### Work instruction
The data below is to be written out exactly, with no pictures.

### Information supplied
##############################
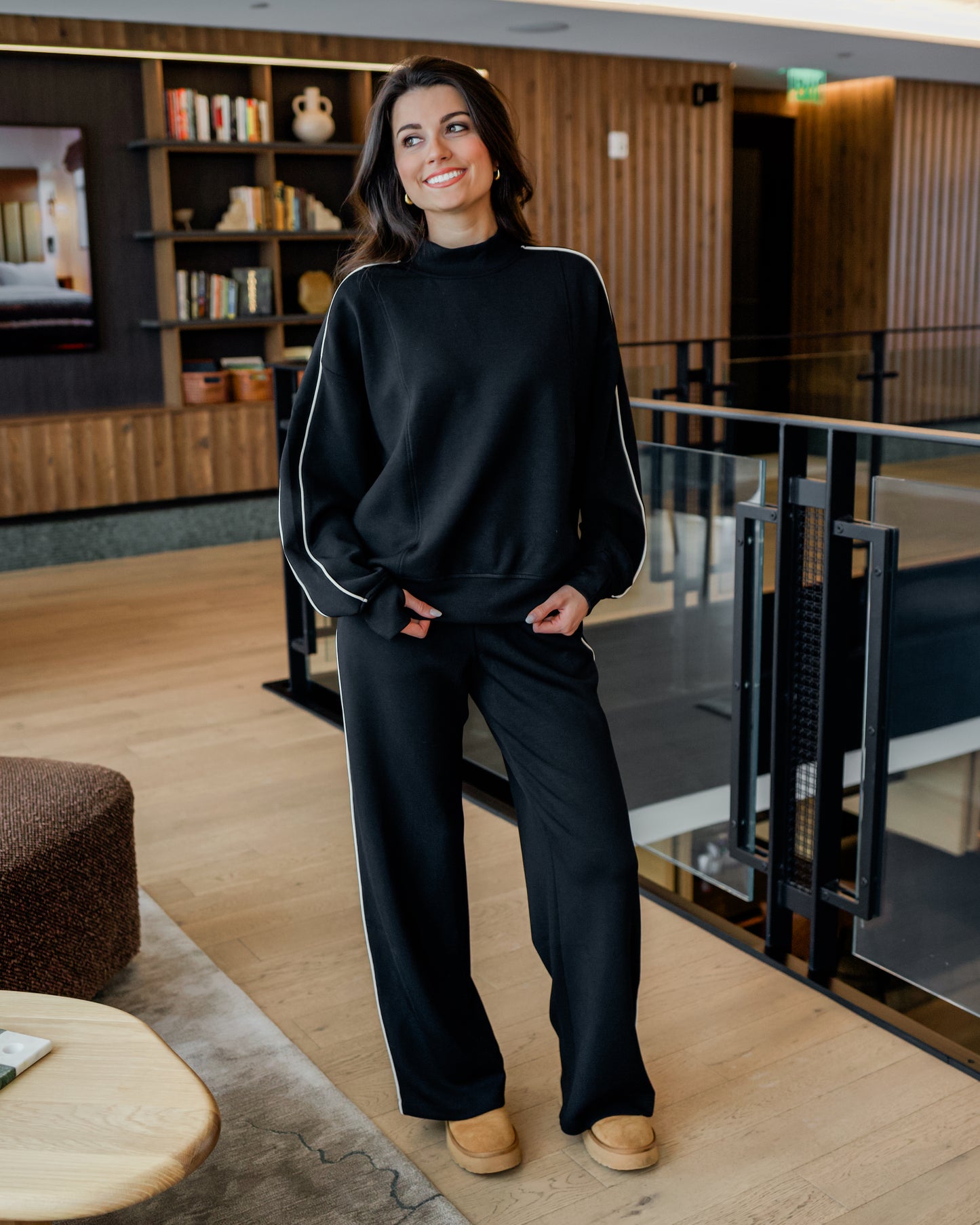 Piping Detail Mock Neck Top (Black/Cream)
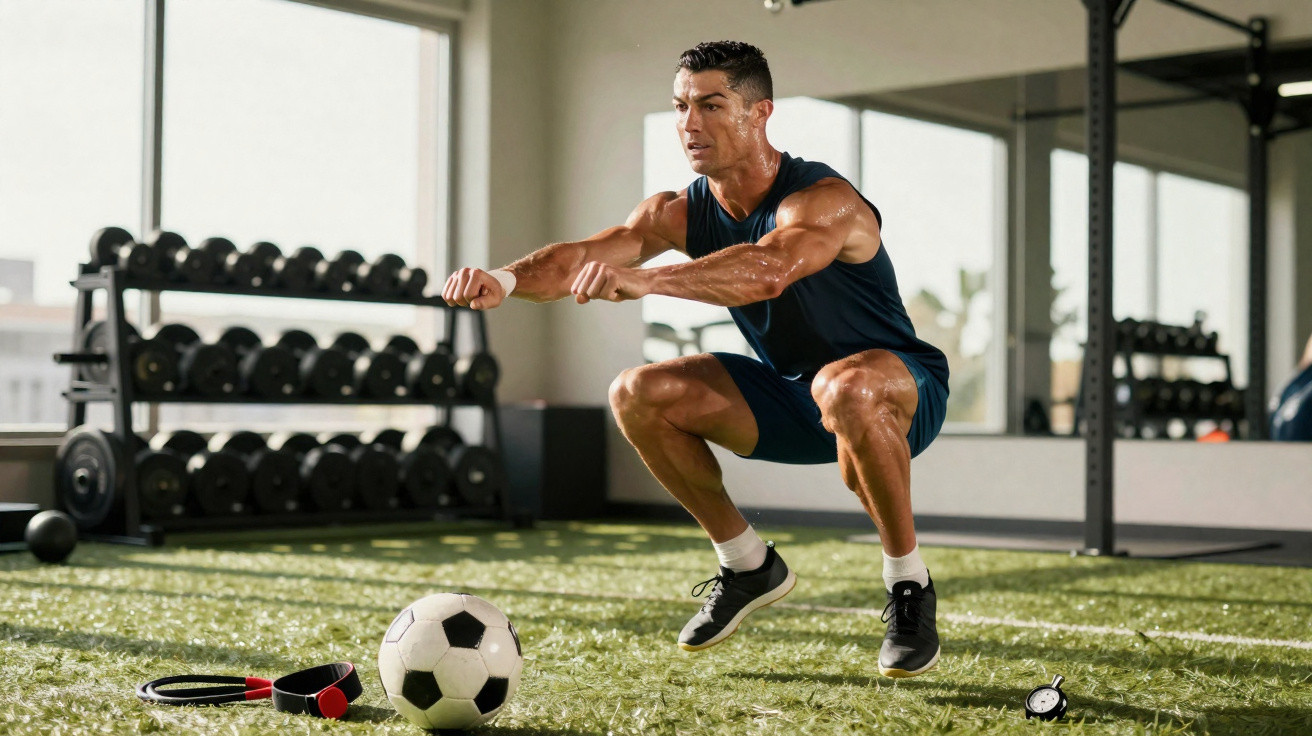 Homem realizando agachamento em academia com bola de futebol e equipamentos ao redor.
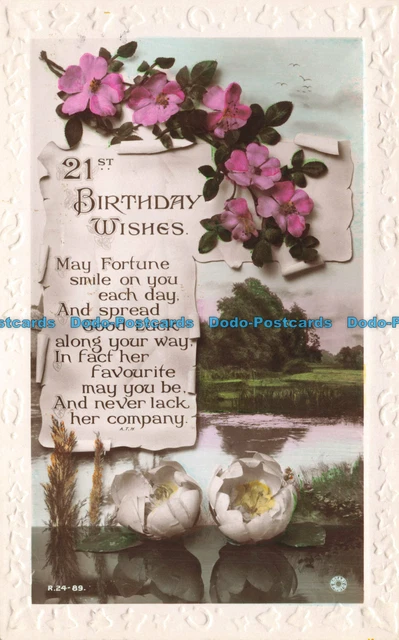 R656008 21 st Birthday Wishes. May Fortune Smile on You Each Day. Rotary Photo.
##############################
### Exercise answer
 Piping Detail Mock Neck Top (Black/Cream)
 Homem realizando agachamento em academia com bola de futebol e equipamentos ao redor.
 R656008 21 st Birthday Wishes. May Fortune Smile on You Each Day. Rotary Photo.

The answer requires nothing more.